## GIVEN INFORMATION:
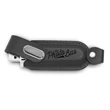 Melrose Leather USB Flash Drive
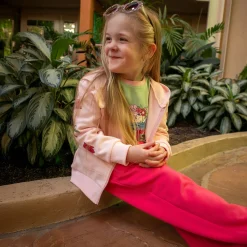 Fleeces And Sweatshirts|Tops><noscript><img width=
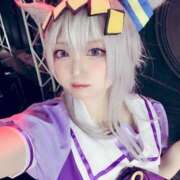 ヒメ日記 2026/01/06 20:15 投稿 あいな 横浜風俗 横浜いきなりビンビン伝説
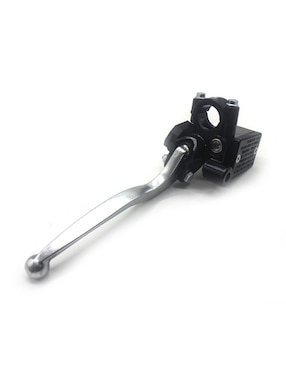 Cilindro maestro para moto Roda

## EXERCISE GOAL:
An exact copy of all the data above is required; omit any pictures.

## ANSWER SPACE:
 Melrose Leather USB Flash Drive
 Fleeces And Sweatshirts|Tops><noscript><img width=
 ヒメ日記 2026/01/06 20:15 投稿 あいな 横浜風俗 横浜いきなりビンビン伝説
 Cilindro maestro para moto Roda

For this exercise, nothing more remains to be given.